トヨタはプリウスαを5月に、ホンダは6月にフィットシャトルハイブリッドを発表。これまでハイブリッド車といえば、セダンが主流だったが、両社とも初の実用的なワゴンタイプ投入にかける。
さらに、プリウスαは高出力のリチウムイオン電池を初採用、3列シートタイプもラインナップに加えた。また、ホンダはミニバンのハイブリッド車も発売すると明言。この夏以降はより多様なハイブリッド車が続々と投入される。
日本ではすでに地歩を築いたハイブリッド車だが、世界全体で見ればシェアは1%前後。ハイブリッド車バトルの場は、徐々に海外市場に軸足を移していくことは間違いない。その動きは日本の自動車産業の生産のあり方をも大きく変える可能性がある。
メーカー各社は現時点では、付加価値の低いクルマは部品を含めて海外で生産しつつも、最先端の環境対応車やその基幹部分は日本で生産するという棲み分けを維持している。
実際、トヨタはプリウスαの欧州、米国での月間販売目標を各2000台とするが、すべて日本からの輸出で賄う。また、トヨタもホンダも一部ハイブリッド車の海外生産を始めているものの、電池やモーターなどの基幹部品はすべて日本から持ち出している。

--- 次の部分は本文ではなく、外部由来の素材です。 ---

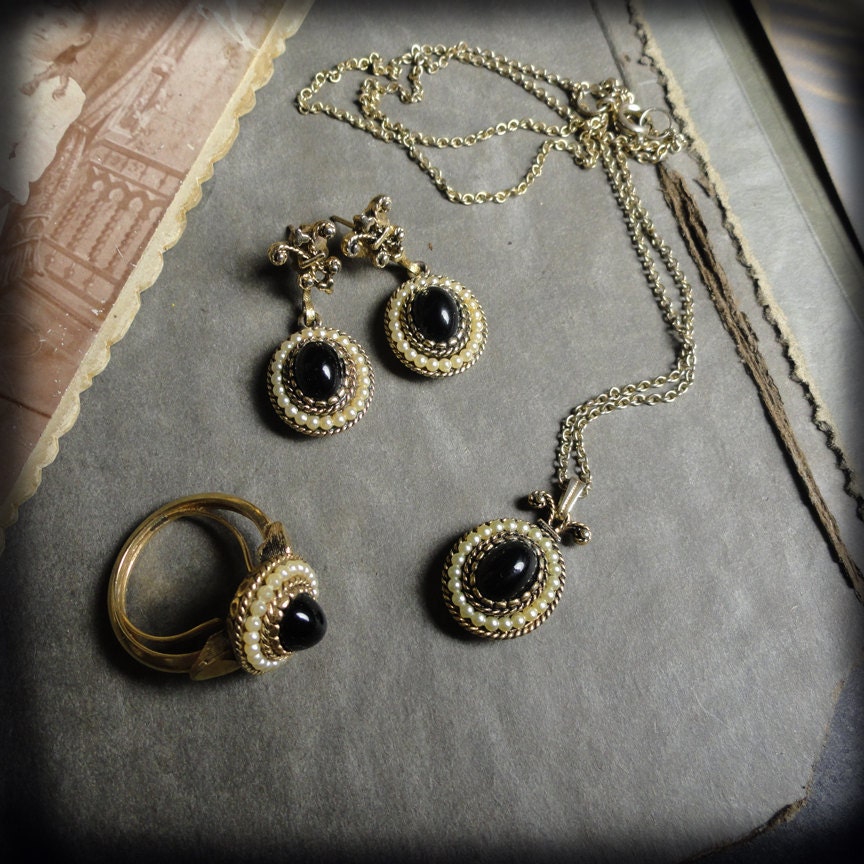 RESERVED Vintage AVON Signed collectible Ring Necklace and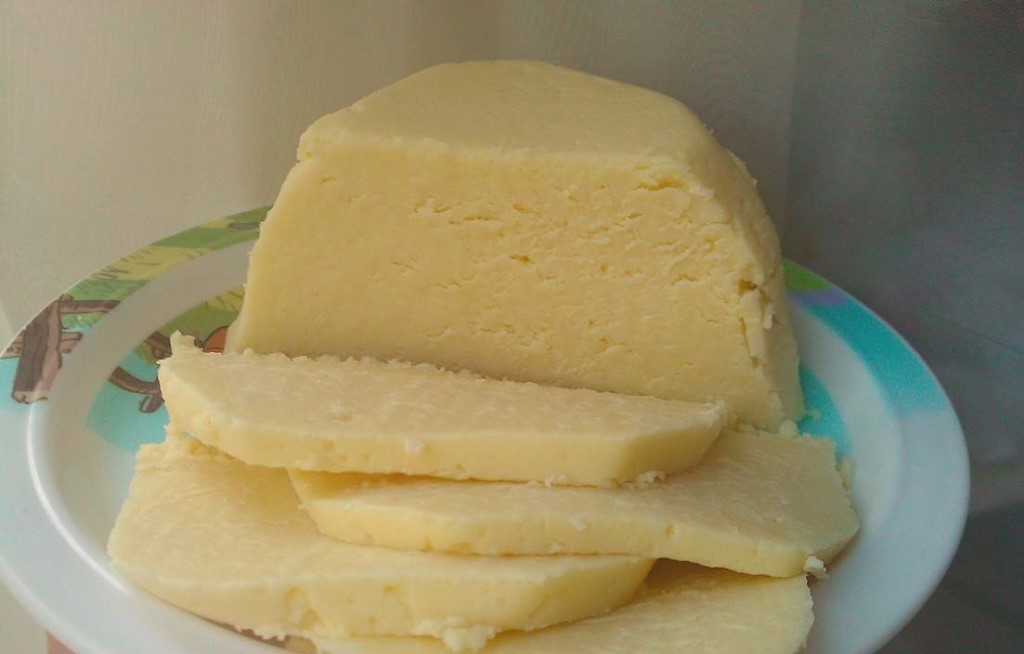 2 рецепта легкого сыра из творога — просто, вкусно и очень полезно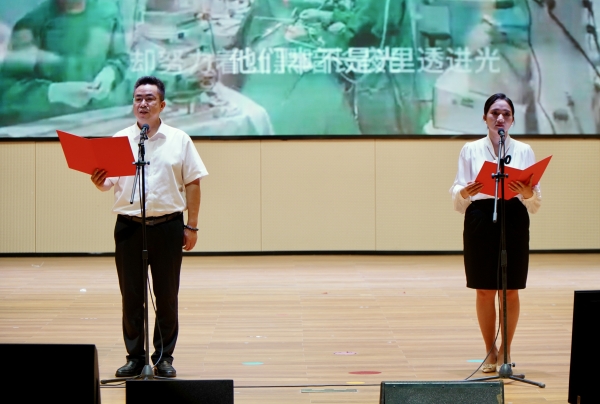 2.恩平市衛(wèi)健局帶來朗誦《醫(yī)師禮贊》。_副本.jpg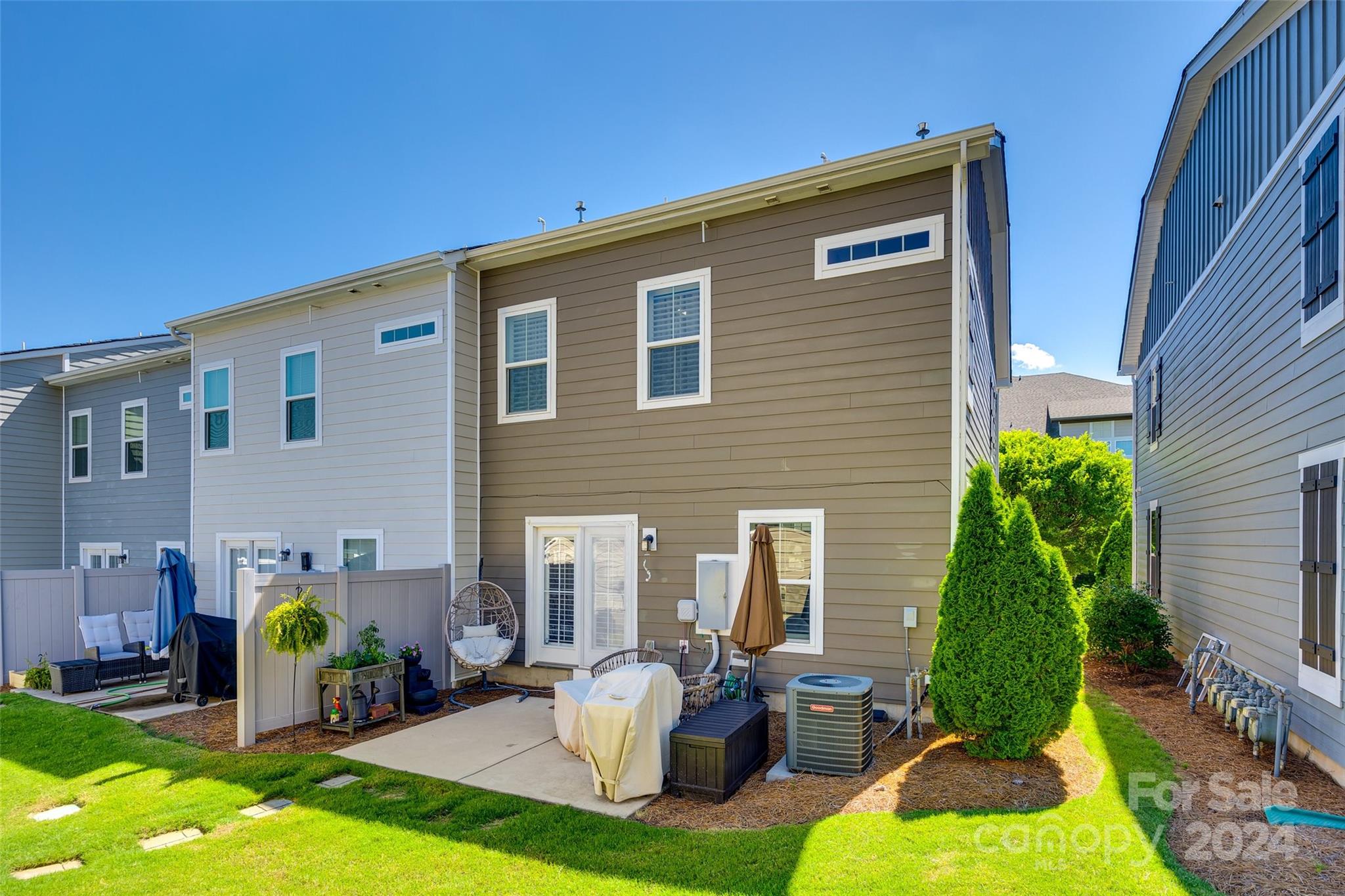 Bryton Square - Residential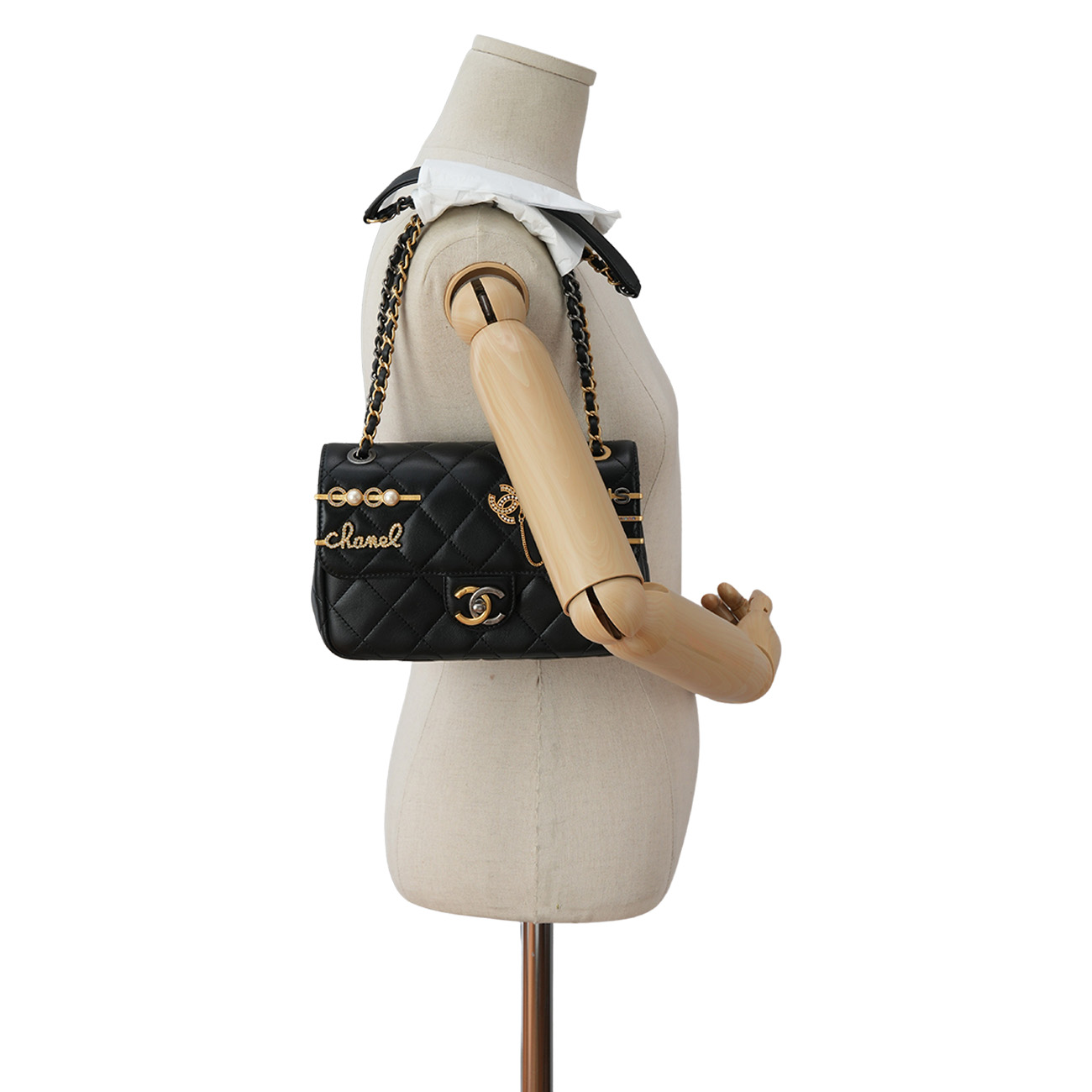 CHANEL(USED)샤넬 코코 파리스 럭키 참 체인 플랩백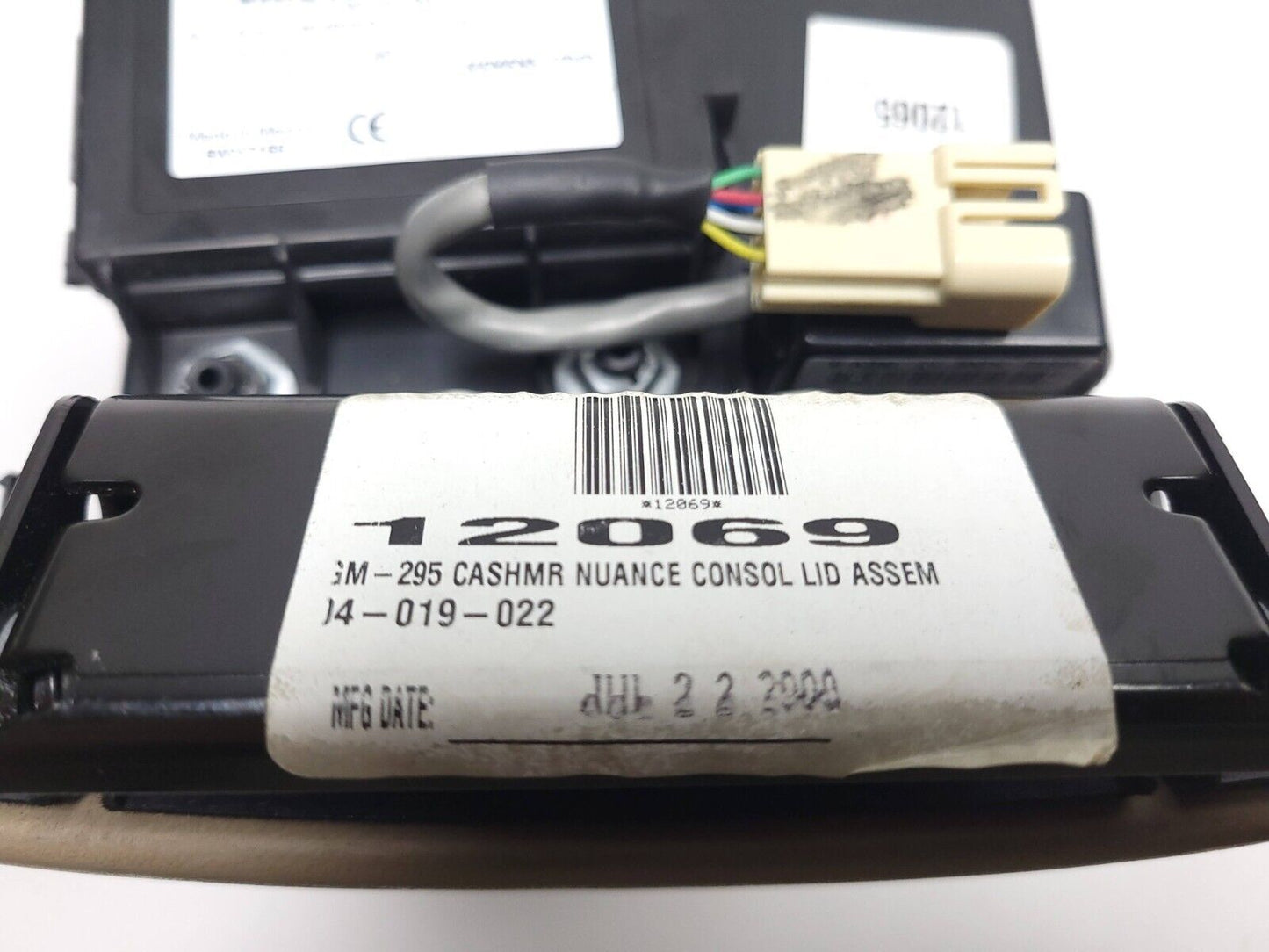 06 07 08 09 Cadillac STS Armrest Storage Bin Center Console Antenna Module OEM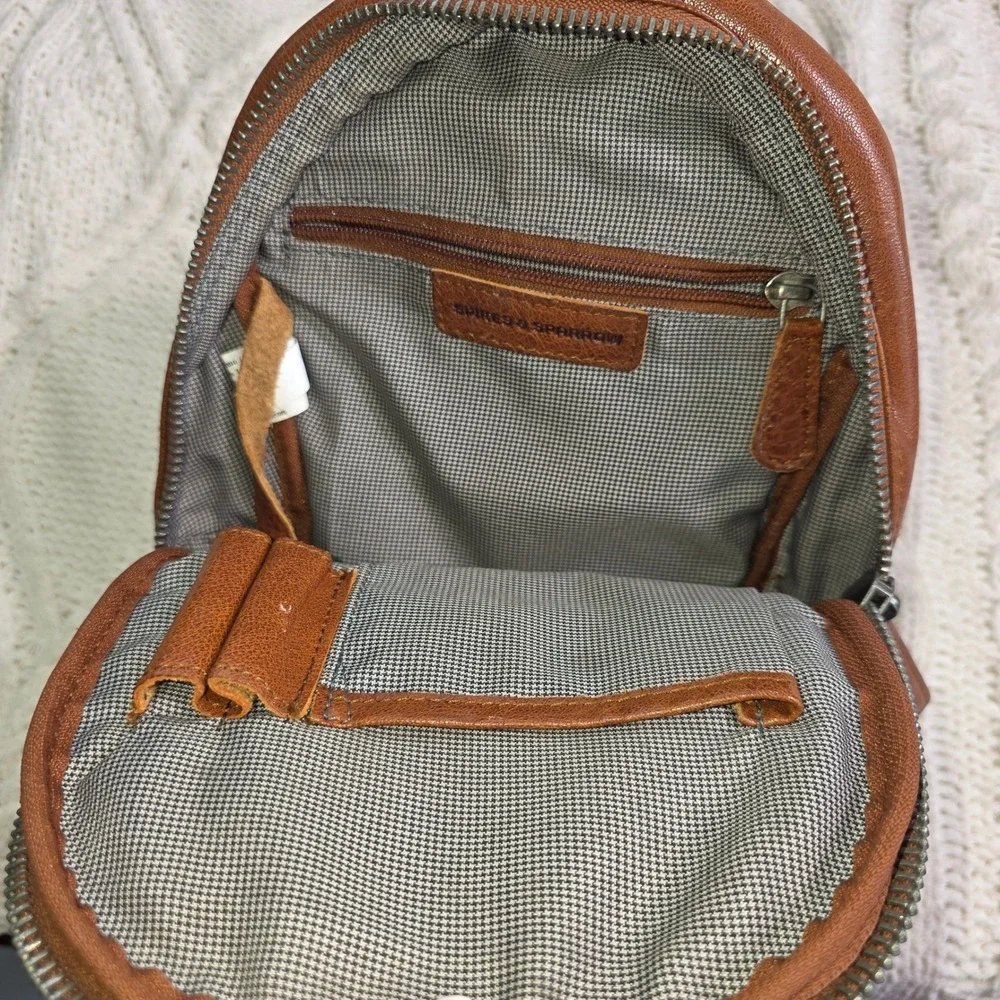 Spikes & Sparrow Sling Bag Brown‎ Soft Buttery Leather Crossbody Backpack NEW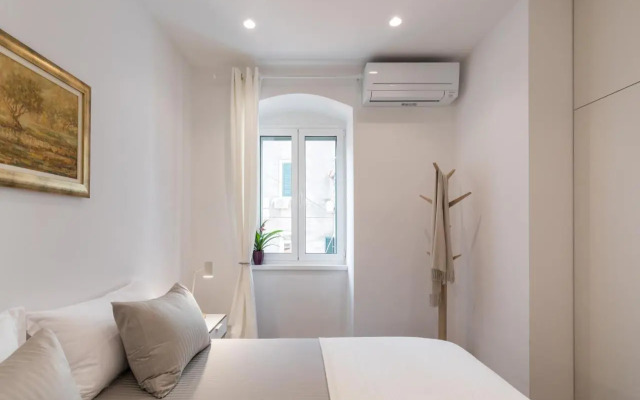 Adriatik Lux Teatro 2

しかし、こうした生産棲み分けは限界に近づいている。メーカー各社は、日本での生産には「円高、税金、自由貿易協定(FTA)、労働規制、温暖化対策、電力問題の“6重苦”がある」として、悲鳴を上げているのが実情だ。
じつはホンダでは、主力の鈴鹿製作所で、これまで海外に移転することが難しいとされた、ハイブリッド車の基幹部分の生産ノウハウを海外移転するための検証作業を、この2年間にわたって進めてきた。
「いかに過剰投資せず海外でもハイブリッド車が生産できるか。ようやくその構想が出来上がった」(ホンダ幹部)
モーターとIPUといわれる内製チップの海外生産はほぼ可能になり、「あとは現地での材料の調達をどうするかという段階」という。
さらには、基幹技術の開示を求められ、メーカー各社が本腰を入れていない中国でのハイブリッド車生産についても、「それでも検討しなければならない時期にきた」(ホンダ幹部)と明かす。
トヨタ関係者はハイブリッド車の基幹部品を日本から輸出するという従来の棲み分けが「今すぐ変わる可能性はない」というが、豊田章男社長などトヨタ幹部がこれまでの方針を改め、生産の海外移転をにおわす発言を相次いでしているのも事実だ。
このまま為替や通商政策への無策が続けば、日系メーカーのハイブリッド車の世界での攻勢は、海外への生産本格移転の号砲となるかもしれない。